Конечно, к 1942 году мои опасения заметно ослабели, но, как оказалось, я в очередной раз выдавал желаемое за действительное. Судьбе было угодно, чтобы меня неотступно преследовала зловещая тень Берия. Странным было другое: почему меня не арестовали гораздо раньше? Я и не предполагал, что мое затянувшееся пребывание на свободе очень скоро получит неожиданное объяснение.
Оно стоит того, чтобы нарушить хронологию надвигавшихся событий.
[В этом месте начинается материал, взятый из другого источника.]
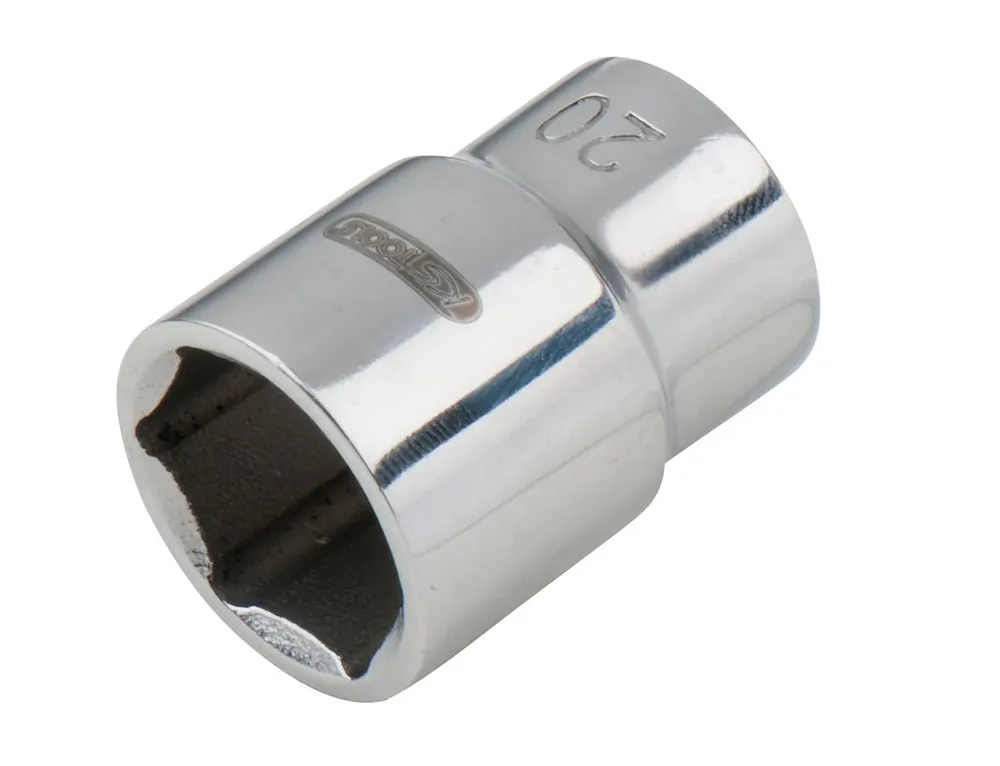 Must-Have KS TOOLS EDELSTAHL 1/2" 6kant-Stecknuss, 24mm ( 964.1224 )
На одном из допросов следователь, видимо, решив сразу сбить меня с толку, спросил:
- Вы знаете Молотова?
- Его знает вся страна.
- Не валяйте дурака, вы лично с ним знакомы?
- Лично с ним не знаком, хотя мы виделись на приемах в Кремле, куда приглашались ведущие спортсмены.
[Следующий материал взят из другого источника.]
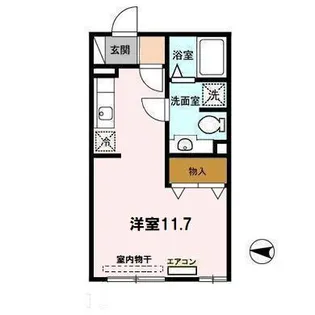 コスミオンセブン【1階】の間取り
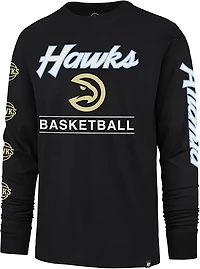'47 Men's Atlanta Hawks City Edition Triplet Franklin Long Sleeve Shirt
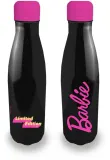 Бутылка для воды детская Barbie Bottles с крышкой, чёрная, 500 мл, оттенок kolor Black — фото 1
- Кто в таком случае мог ходатайствовать за вас перед ним?
- Не понимаю, о чем идет речь.
- Почему он не подписал ордер на ваш арест в 1939 году?
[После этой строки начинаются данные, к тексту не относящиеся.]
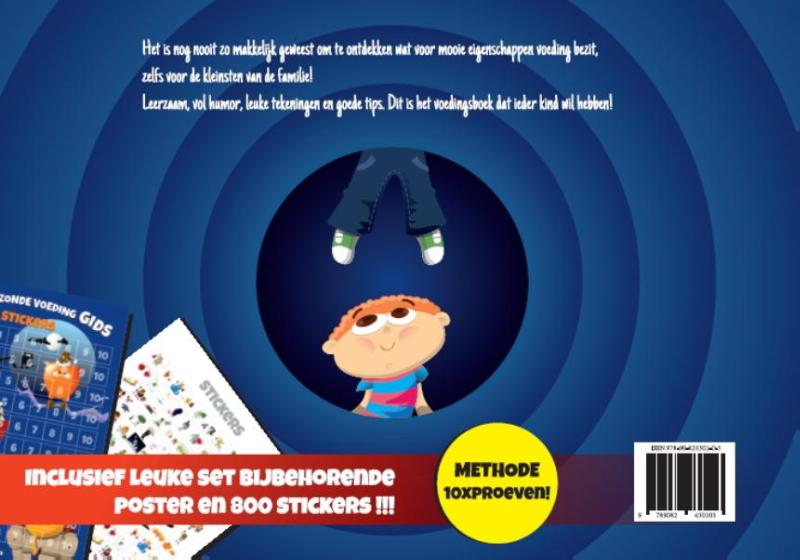 Achterkant van Kids' gezonde voeding Gids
- Думаю, на этот вопрос может ответить только сам Вячеслав Михайлович.
- Молчать!
Потом в своем «деле» я читал показания Косарева, которые он якобы дал во время следствия. Стало ясно, на краю какой пропасти я находился.
Признавая себя виновным, он «сознался» в том, что считал возможным, если понадобится, приступить к террору против руководителей партии и правительства, для чего организовал среди спортсменов боевую группу во главе с Николаем Старостиным. Расчет был безошибочным - к тому времени Косарев был расстрелян, а показания человека, которого нет в живых, - тяжелейшая улика, ее очень сложно опровергнуть. Затевалось «спартаковское» дело с заранее предрешенной концовкой. Оставалось соблюсти формальность.
Однако случилось непредвиденное: Молотов не подписал ордер на арест.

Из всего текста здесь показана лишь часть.